Thermoeconomic analysis is proposed as a systemic methodology based on physical roots for the analysis of integrations that characterize Industrial Ecology. The main concepts and tools of Thermoeconomics have been summarized and new ideas related to Industrial Ecology (such as the recycling ratio) have been introduced. This formulation has been applied to a case study comprising a coal-fired power plant, a cement kiln and a gas-fired boiler producing steam. Comparison of the Fuel Product tables with and without integration shows clearly how the total resources savings are formed (i.e. how the fuel and products of all components vary). Besides, the analysis of the unit costs not only shows how they are reduced due to the integration but also justifies clearly its interest.

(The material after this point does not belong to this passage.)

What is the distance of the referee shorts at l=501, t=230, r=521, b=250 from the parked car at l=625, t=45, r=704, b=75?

For example, it is better to bleed steam from the power plant than to produce it separately because the cost of the former is higher than that of the latter. The case of ashes is even more interesting because it is a win-win situation: reduction of cost of clinker produced (benefits for the cement plant) and reduction of cost of ashes charged to the power plant.

Input-Output analysis is shown as a common tool used in Industrial Ecology, whereas Thermoeconomics and Symbolic Exergoeconomics [30] in particular, combines the exergy and IO analysis to study the process of cost formation of products and wastes. Therefore IO appears as the common mathematical framework for both disciplines.

This paper is a first and promising step in the application of Thermoeconomics to Industrial Ecology, which can help to solve several important problems such as the identification of possibilities of integration and efficiency improvement, quantification of benefits obtained by integration or determination of prices based on physical roots. Furthermore, all Thermoeconomic techniques developed during years for the analysis, optimization, and diagnosis of energy systems can now be applied to Industrial Ecology.